How to Lead a Great Meeting


Facebook status update: “Long day with lots of meetings.”

  • Comment #1: “I’m so sorry!”
  • Comment #2: “Where can I send a sympathy card?”
  • Comment #3: “Just kill yourself and get it over with—ha!”
  • Comment #4: “Boooooorrrrrriiiiinnnnngggg”
  • Comment #5: “Hope you were able to play Angry Birds to pass the time.”

These responses aren't too uncommon, are they? It seems as if there is a general disdain of meetings. But that’s not how I look at meetings. I often find meetings to be the most productive moments of my week. It is a time I can connect with people I enjoy, talk about things I’m passionate about, and make progress that will have real impact on real people.
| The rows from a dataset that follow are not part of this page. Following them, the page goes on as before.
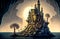 Mysterious cute cartoon castle illustration, dark fantasy, fairytale town on a rock island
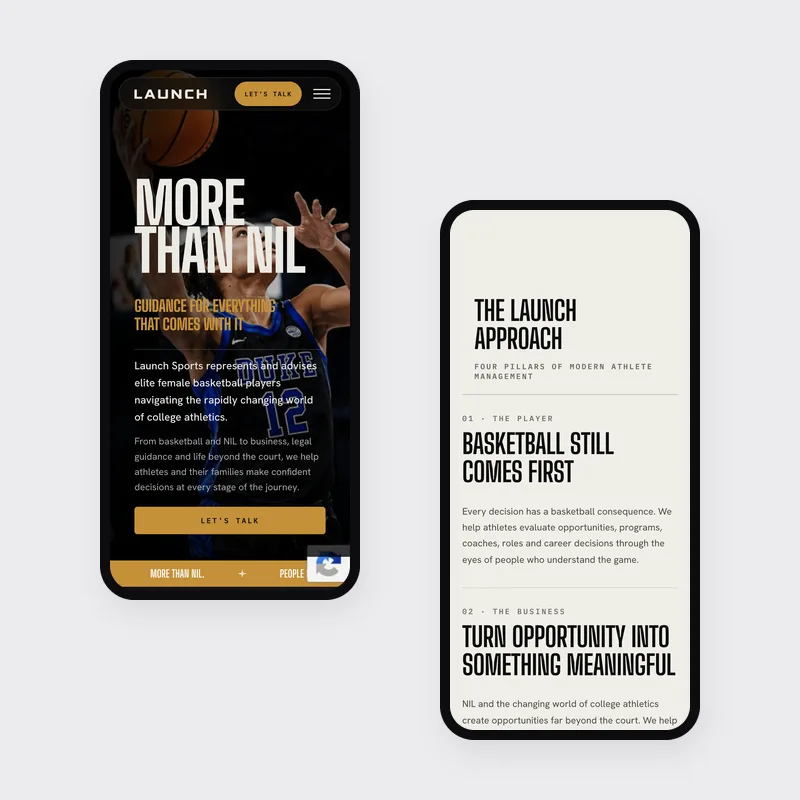 Launch Sports Management homepage on two phones, showing the hero and the four pillars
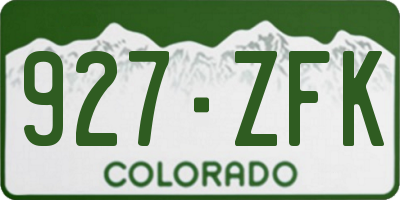 CO license plate 927ZFK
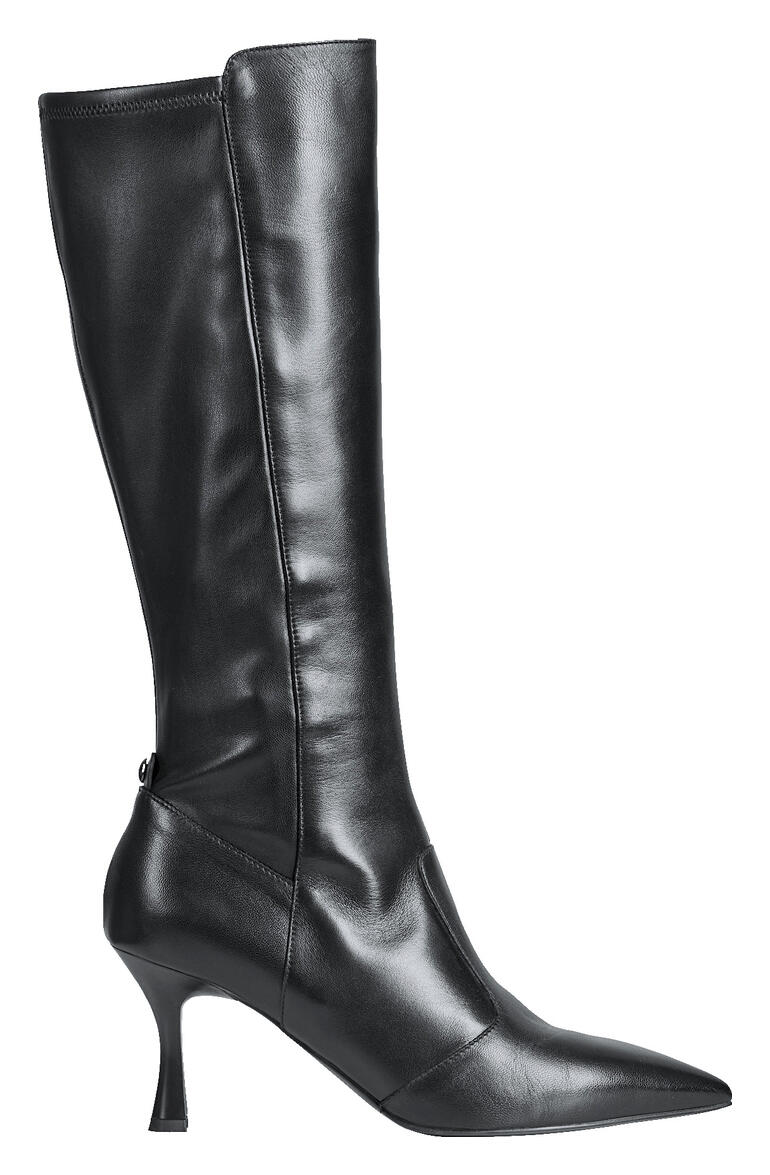 Bottes en cuir stretch noires avec bout pointu et talon moyen.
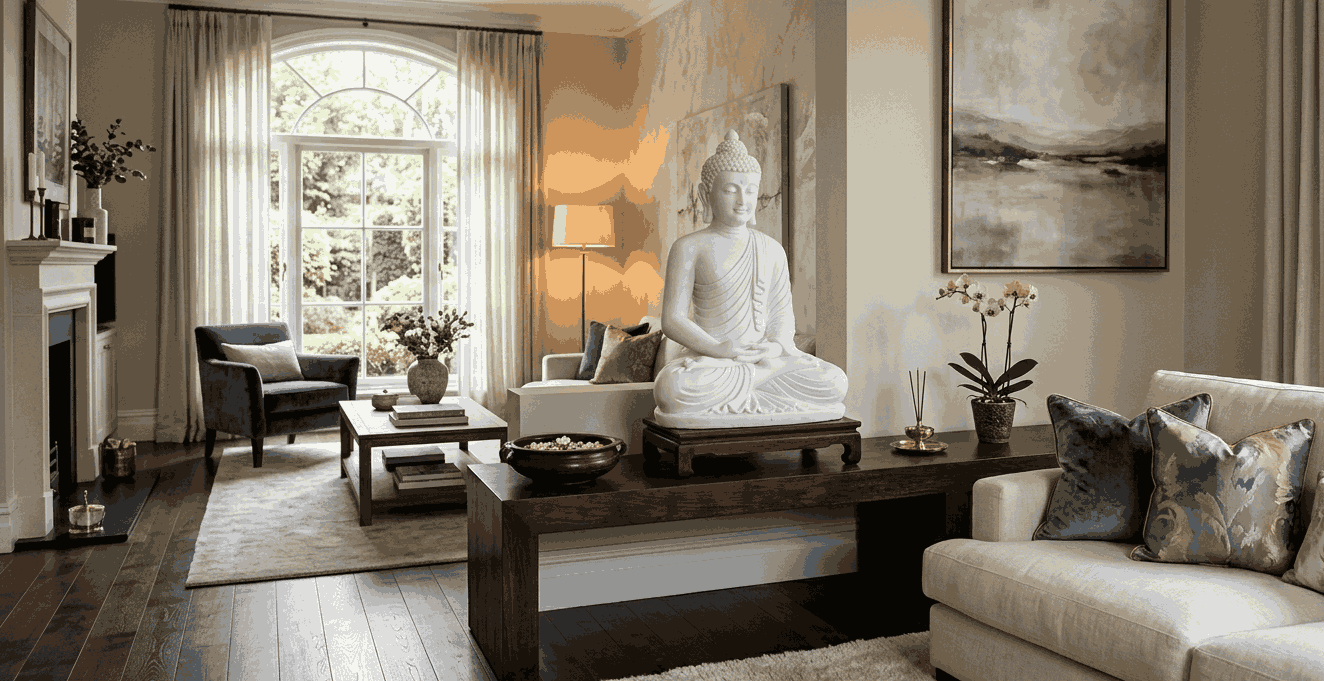 Buddha Statue for Living Room Decoration | Premium White Idol
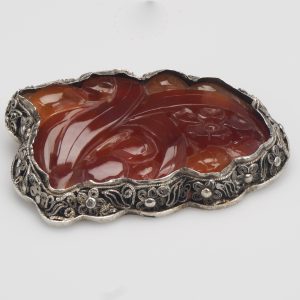 Antique Chinese Silver Filigree and Carved Carnelian Pin or Brooch Circa 1900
But I’ve also been in many meetings that couldn’t end soon enough. Sometimes it was because the leader wasn’t prepared, or the wrong people were in the room, or no one was clear about why we were meeting.

Here are some things I’ve found helpful in making sure meetings stay useful—and relatively painless—for everyone:


Don’t overpack your agenda, and don’t underestimate the importance of relational connection time. While you shouldn’t chase down every topic that is spontaneously brought up in the meeting, healthy teams allow meetings to be sidetracked on occasion. Sometimes the highest priority of the moment is experiencing community.


The most productive meetings happen when you know who is leading the meeting and what you are planning to accomplish by the time you adjourn. Write your goal(s) for the meeting on the top of the agenda. For a thirteen-hour, senior team meeting (two full days) I held at Granger, I published the goals at the beginning of the first day. None of us thought we’d be able to accomplish them within two days. Yet by keeping the goals in front of us and reviewing them every few hours, we kept focused, avoided rabbit-trail conversations, and accomplished every single goal by the end of the second day.


When possible, send the agenda out ahead of time. Give people a chance to contribute. If they don’t give you something for the agenda before the meeting, then you should rarely let them bring it up during the meeting. Just say, “That’s a great topic. Let’s discuss it off-line and consider adding it to next week’s agenda.” That said, don’t put everything on the agenda that is submitted. Some items really aren’t worth the time for the entire group to discuss. Get used to saying, “Let’s discuss that off-line,” or “You should get with Jane and Bob and come back with a recommendation.”


End the meeting with a “who will do what by when” list and distribute this immediately following the meeting. Use this printed list to start your next meeting.


Consider stacking your meetings. I tried to stack all my meetings on Tuesdays and Wednesdays. When I arrived on those days, I knew it was a meeting day. I didn’t have to fret that I was not getting my to-do list done. Likewise, on Mondays or Fridays I could be a productivity machine since I had very few meetings. And make sure to prioritize. Put the big rocks in first. Make sure your most important meetings are given priority on your schedule, and if other small-pebble meetings can fit around the big rocks, great. But if not, don’t schedule them.


If you find a meeting to be a waste of time, yet you aren’t the leader, then start leading up. I’ve been in that situation many times and have asked permission to come alongside a positional leader to help with preparing for the meeting, establishing the agenda, or running point to keep the meeting productive. Likewise, if you are running the meeting for your boss, be sure to get his or her input in advance of the meeting to make sure your boss’s concerns are scheduled for discussion.

In 2006, I attended the Drive Conference at North Point Community Church in Alpharetta, Georgia. Andy Stanley shared some great thoughts on leading meetings:

  • Pull members into the discussion.
  • Don’t interrupt a debate—listen. Some of you are peacemakers and try to smooth everything over. This doesn’t help. Fan the flame of conflict. If you have great leaders on your team, they will be highly opinionated and very persuasive. You need to have an environment where things can be debated and you are fine with it.
  • Don’t attempt to resolve tension—it won’t really be resolved.
  • Don’t allow team members to interrupt each other.
  • When you sense someone isn’t listening but only waiting to talk, address it.
  • Keep the discussion focused.
  • When a sensitive subject is going to be discussed, give those who may feel threatened a heads-up.